§ **ACTIVITY**
Transcribe every record verbatim; no pictures.

Web page caption snippets:
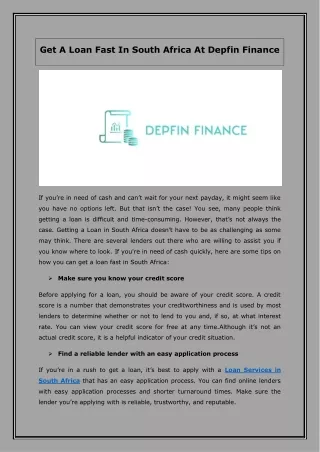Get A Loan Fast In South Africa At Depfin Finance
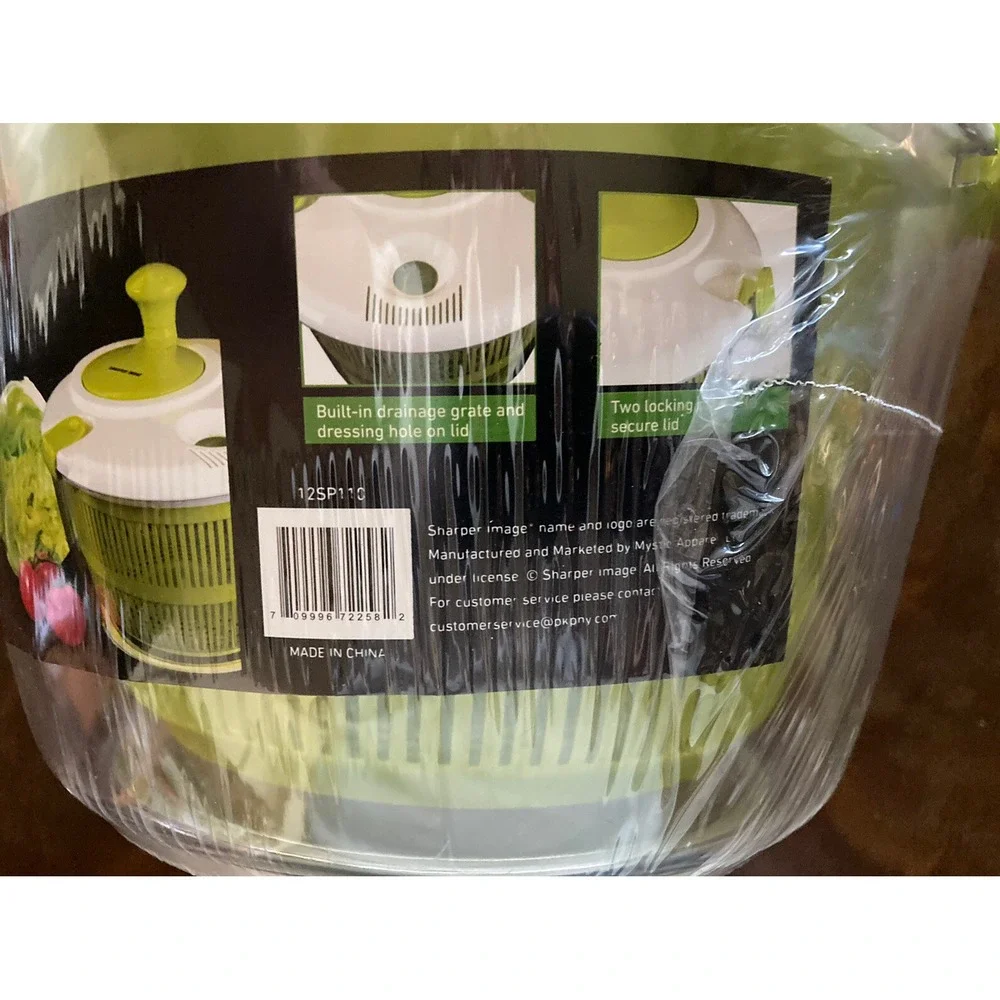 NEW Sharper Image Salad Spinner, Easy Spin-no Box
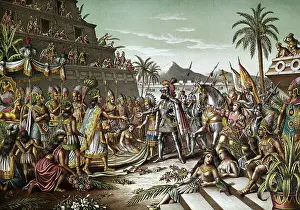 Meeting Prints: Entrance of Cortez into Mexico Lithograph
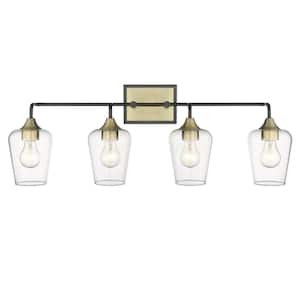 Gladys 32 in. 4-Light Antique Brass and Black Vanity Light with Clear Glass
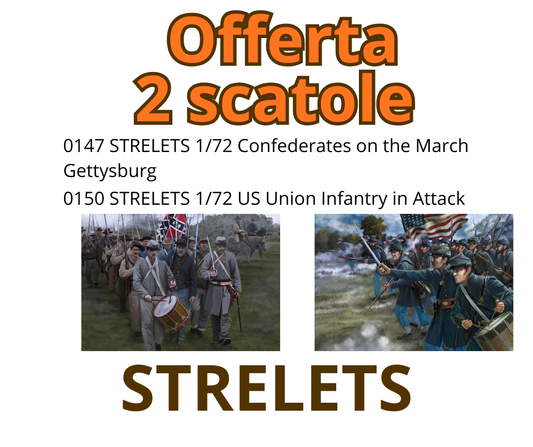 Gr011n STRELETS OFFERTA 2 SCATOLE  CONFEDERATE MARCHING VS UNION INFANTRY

§ **OUTPUT**
Get A Loan Fast In South Africa At Depfin Finance
 NEW Sharper Image Salad Spinner, Easy Spin-no Box
 Meeting Prints: Entrance of Cortez into Mexico Lithograph
 Gladys 32 in. 4-Light Antique Brass and Black Vanity Light with Clear Glass
 Gr011n STRELETS OFFERTA 2 SCATOLE  CONFEDERATE MARCHING VS UNION INFANTRY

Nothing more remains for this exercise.